None of this is considered hard fact. There are studies that support what you say and there are studies that completely dispute it. And neither have been replicated with very much success. However, if you are correct, it would suggest our modern efforts at treating stroke victims are a complete waste of time and effort, a statement I think the patients and their families post-treatment would find puzzling.
People who have early success within an area of study will tend to think of themselves as a natural and will put in more practice time than a person who has not had early success. People who had early failures will continue to see themselves as "struggling" at the subject, regardless of their actual skill level. The only advantage the "natural" has is that this emotional response to the subject makes it easier to decide to practice: people of equal practice level are almost always equally skilled, even in opposition to their subjective self-evaluation, barring general mental deficiency.

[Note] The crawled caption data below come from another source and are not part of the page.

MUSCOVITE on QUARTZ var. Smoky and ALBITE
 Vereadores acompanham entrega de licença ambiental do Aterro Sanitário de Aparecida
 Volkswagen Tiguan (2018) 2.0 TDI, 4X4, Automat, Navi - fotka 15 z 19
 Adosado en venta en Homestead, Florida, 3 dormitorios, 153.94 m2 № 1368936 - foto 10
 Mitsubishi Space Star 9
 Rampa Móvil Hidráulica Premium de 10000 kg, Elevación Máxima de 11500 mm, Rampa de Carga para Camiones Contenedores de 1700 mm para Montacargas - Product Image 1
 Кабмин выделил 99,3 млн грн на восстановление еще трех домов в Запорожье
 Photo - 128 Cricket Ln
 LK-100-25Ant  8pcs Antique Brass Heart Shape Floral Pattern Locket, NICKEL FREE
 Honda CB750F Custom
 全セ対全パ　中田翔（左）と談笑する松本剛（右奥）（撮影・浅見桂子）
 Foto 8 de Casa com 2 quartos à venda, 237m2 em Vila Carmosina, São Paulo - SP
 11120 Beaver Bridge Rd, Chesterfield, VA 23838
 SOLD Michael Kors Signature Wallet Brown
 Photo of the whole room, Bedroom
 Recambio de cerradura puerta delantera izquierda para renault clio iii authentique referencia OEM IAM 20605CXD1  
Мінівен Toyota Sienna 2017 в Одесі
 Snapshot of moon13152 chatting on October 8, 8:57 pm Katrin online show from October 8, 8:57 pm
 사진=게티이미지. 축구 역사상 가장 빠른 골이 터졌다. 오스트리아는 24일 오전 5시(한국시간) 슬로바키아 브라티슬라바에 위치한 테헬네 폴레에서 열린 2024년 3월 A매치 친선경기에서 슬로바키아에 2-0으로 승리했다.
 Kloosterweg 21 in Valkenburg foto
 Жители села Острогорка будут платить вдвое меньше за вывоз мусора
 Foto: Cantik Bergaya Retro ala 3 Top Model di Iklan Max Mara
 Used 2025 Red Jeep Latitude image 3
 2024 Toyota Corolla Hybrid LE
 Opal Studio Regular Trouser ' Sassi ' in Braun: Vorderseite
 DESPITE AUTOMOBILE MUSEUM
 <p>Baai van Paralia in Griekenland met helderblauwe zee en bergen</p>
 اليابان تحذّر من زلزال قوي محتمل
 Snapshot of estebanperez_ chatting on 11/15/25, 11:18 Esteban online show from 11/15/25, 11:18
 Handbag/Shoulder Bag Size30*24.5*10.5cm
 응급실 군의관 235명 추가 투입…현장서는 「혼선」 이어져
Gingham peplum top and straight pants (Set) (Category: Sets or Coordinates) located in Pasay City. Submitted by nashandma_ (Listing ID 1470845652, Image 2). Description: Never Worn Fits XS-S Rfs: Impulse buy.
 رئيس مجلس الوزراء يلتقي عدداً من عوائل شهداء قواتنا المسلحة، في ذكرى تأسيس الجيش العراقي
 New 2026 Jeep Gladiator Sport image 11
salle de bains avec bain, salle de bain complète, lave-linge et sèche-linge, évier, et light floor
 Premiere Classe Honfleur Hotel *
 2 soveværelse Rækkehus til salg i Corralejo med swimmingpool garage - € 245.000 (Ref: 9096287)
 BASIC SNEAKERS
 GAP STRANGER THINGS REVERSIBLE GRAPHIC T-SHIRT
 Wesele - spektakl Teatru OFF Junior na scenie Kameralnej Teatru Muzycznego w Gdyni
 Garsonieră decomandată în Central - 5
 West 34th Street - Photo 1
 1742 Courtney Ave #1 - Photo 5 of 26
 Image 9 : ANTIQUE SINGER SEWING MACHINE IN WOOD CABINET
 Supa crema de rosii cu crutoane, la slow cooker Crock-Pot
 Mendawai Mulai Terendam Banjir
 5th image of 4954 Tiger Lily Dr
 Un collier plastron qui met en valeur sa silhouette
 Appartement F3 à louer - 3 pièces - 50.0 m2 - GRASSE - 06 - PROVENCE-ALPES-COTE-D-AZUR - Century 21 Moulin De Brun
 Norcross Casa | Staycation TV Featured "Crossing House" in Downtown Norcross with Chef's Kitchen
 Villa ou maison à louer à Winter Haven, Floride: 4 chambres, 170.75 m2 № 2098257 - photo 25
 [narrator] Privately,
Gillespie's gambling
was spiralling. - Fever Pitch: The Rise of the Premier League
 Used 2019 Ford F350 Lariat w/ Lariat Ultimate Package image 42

There's no "math" gene. There's no "art" gene. There's only intelligence and it can be applied to any subject. The idea that people's neuroplasticity somehow "hardens" in the mid-20s or whatever is just an excuse that people make for themselves for why they bought an electric guitar but then never practiced at it. When you're a kid, you don't have a lot of different concerns competing for your time. When you're an adult, it's easy to put off a new subject when you can be productive doing something else. It's completely social.
This is one secret of the mass accessibility of spreadsheets: they don't require abstraction—you build a concrete working example, then tweak it. This differs from other programming environments—even the simplest scripting languages—which require you to build abstractions first and only later instantiate them. That is a high cognitive hurdle.